Instead, specific complaints about the high cost of humanities focus on job losses among academics which are already happening, attributed by managements to reduced student demand. Falling numbers might be due to the cost of degrees, but new humanities and social science enrolments were down 6 per cent last year on 2019. It was a 10-year low – and it occurred before the high fees policy started. And even though there are still 300,000 humanities students, job cuts in humanities departments demonstrate managements are not expecting growth.

The problem for arts academics is their universities don’t do much of a job promoting their courses, leaving them to argue they should receive more funding from government to do more of what they have always done, because they have always done it. But a humanities degree not tied to an occupational outcome is a hard sell now that universities are more about career training than studying classic 19th novels, or 21st century TikTok content.

The University of Wollongong, for example, proposes scaling back history courses. This should not be seen as a reflection on their content – they look largely woke-free, sensible and straightforward subjects not that different to what would have been taught a generation ago. History, however, is not as popular as it once was. Martin Crotty and Paul Sendziuk report enrolments dropped 20 per cent between 2016 and 2022.

The challenge Winkler says is to update the syllabus.

“The term ‘arts degree’ is very broad – universities need to focus on marketing subjects students want – politics, digital comms and literacy, as examples.”

Tim Winkler. Picture: LinkedIn
Tim Winkler. Picture: LinkedIn
Andrew Norton.
Andrew Norton.

As education analyst Andrew Norton puts it: “English literature and history both involve time-consuming reading, which counts against them in the smartphone and social media era.”

It need not be thus. Winkler says there is substance in the case for the humanities, that employers love graduates with “soft skills” – emotional intelligence and the ability to think and communicate effectively – but universities don’t substantiate how studying humanities is the basis for multiple careers.

“It’s not that hard to grow the student base if universities know what they are selling. They need to do more than say to graduates ‘you have soft skills that somebody, somewhere will want.’ ”

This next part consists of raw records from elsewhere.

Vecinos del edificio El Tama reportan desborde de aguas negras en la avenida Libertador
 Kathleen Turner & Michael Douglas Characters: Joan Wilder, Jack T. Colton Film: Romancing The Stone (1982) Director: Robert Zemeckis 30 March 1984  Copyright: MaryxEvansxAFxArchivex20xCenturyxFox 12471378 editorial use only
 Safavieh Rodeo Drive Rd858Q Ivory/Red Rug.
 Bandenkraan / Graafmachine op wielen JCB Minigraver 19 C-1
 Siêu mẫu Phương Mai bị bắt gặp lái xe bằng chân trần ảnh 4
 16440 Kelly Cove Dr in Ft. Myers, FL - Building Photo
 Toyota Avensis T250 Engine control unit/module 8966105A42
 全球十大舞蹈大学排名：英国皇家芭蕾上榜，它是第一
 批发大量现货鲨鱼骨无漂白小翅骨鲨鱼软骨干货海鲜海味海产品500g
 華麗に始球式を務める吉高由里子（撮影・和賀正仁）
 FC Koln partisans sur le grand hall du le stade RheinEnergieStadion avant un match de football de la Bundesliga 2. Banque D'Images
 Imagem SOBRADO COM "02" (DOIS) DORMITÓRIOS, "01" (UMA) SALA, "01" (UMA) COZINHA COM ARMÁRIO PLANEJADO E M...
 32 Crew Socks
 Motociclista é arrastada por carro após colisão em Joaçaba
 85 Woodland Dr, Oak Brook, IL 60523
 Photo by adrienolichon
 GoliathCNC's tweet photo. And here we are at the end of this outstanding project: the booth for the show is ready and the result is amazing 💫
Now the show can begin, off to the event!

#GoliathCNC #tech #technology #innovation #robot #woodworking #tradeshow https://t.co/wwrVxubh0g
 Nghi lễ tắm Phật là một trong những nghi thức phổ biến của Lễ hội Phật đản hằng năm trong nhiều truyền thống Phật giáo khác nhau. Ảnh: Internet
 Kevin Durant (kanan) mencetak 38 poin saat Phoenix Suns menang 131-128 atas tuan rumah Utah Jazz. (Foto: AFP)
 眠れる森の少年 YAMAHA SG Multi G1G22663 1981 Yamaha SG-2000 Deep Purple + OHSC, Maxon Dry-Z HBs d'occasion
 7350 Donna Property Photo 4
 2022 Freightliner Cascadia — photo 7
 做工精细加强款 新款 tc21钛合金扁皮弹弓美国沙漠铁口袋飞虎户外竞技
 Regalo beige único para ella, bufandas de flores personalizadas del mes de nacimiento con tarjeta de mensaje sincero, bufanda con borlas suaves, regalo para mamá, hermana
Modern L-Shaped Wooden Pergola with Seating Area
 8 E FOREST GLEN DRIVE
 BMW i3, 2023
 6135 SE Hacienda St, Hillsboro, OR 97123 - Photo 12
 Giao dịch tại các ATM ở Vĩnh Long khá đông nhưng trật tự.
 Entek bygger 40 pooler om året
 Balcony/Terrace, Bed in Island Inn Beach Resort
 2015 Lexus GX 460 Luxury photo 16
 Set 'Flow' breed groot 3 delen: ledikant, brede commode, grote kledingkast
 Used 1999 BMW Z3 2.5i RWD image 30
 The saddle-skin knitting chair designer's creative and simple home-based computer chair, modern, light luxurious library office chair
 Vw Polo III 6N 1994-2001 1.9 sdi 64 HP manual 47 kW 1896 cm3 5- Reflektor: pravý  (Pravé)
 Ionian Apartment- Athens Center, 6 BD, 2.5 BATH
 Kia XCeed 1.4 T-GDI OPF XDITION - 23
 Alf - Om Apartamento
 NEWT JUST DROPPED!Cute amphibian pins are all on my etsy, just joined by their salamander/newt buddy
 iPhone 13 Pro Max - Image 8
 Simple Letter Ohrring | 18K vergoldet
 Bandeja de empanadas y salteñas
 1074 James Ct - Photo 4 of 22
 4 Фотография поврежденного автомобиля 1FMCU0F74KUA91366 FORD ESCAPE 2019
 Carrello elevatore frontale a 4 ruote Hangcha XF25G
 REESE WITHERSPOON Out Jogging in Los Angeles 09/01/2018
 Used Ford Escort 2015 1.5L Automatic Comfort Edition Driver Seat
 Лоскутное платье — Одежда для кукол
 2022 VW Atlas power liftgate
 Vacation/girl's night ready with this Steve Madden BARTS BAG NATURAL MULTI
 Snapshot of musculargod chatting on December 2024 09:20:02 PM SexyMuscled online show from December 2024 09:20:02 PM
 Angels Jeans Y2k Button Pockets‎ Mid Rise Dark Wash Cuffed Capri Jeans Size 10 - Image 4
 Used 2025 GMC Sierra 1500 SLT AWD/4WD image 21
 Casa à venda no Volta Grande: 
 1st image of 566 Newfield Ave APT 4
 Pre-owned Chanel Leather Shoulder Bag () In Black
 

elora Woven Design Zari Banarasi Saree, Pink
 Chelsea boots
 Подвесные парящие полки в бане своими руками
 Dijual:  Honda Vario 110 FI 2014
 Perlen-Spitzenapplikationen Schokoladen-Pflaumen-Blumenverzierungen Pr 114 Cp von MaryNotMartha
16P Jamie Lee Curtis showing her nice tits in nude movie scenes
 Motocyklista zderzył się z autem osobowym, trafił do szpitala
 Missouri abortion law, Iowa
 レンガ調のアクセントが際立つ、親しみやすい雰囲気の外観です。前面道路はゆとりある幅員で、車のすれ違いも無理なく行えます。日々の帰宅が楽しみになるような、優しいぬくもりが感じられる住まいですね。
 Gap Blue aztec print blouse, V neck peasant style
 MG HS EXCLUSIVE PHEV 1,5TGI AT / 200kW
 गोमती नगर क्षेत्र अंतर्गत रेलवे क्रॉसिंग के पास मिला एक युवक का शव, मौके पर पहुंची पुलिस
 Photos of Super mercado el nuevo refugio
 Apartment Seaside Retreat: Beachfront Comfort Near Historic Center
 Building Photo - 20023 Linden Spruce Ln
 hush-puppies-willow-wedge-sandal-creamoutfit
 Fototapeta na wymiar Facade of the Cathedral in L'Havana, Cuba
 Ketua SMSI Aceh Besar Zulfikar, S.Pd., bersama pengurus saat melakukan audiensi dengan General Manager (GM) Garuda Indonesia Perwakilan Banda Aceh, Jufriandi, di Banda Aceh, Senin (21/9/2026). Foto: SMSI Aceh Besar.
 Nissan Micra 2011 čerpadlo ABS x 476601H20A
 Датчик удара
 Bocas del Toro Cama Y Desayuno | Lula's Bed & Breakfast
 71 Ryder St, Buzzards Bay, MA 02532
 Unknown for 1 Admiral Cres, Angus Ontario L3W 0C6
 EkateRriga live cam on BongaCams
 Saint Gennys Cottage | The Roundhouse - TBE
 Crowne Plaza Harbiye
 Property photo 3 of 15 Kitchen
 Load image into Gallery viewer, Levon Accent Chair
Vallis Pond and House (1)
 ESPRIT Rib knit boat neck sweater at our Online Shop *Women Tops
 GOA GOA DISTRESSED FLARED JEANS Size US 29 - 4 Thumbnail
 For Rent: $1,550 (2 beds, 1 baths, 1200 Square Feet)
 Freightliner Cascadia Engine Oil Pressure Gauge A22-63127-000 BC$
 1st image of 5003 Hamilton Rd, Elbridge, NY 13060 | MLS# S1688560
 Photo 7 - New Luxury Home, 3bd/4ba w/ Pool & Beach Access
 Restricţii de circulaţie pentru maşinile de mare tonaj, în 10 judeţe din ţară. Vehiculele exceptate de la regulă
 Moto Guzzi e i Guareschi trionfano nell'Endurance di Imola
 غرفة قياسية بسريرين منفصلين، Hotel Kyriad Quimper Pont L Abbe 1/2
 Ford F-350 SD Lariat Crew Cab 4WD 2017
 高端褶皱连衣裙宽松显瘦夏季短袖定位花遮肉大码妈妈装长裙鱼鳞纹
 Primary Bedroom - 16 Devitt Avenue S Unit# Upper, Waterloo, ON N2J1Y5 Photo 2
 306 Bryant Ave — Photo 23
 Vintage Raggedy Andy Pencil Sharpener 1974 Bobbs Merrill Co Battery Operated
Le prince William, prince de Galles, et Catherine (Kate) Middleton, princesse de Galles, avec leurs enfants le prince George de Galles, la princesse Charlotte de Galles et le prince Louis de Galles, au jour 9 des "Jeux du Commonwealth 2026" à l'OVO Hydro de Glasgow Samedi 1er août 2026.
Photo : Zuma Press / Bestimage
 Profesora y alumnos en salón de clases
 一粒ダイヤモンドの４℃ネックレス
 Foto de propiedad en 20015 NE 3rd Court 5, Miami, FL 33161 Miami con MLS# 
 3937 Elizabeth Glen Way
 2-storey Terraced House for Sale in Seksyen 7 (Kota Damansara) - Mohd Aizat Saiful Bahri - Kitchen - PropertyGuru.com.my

The humanities lobbies need to make the same sells to the community – but probably won’t. There’s a problem with the “soft skills” argument for studying arts – why not teach the skills specifically and ditch the content knowledge that students are required to learn. Academics who have spent their lives researching and teaching literature and linguistics, media and music believe in the moral importance of their work and are unlikely to accept defeat and do this. But the brutal truth is that taxpayers will want a better case for stumping up more cash for degrees that do not qualify anybody for anything specific, other than being an academic.

Reducing the range of literature, history and philosophy courses in the system is not great for the national understanding of why the world is as it is. I received a shock the other week when my physio said he had watched Christopher Nolan’s film Dunkirk but wondered why the British had ever fought the Germans in France.

Even so, more money for humanities is a hard sell among the mass of voters who doubt the world will end if students don’t read Middlemarch, or aren’t across new thinking in Taylor Swift studies (snort not, there are scholarly seminars already).

The big lesson university lobbies need to learn is they must make cases for more money, at the inevitable cost of less for other public expenditure, in terms that make sense to voters.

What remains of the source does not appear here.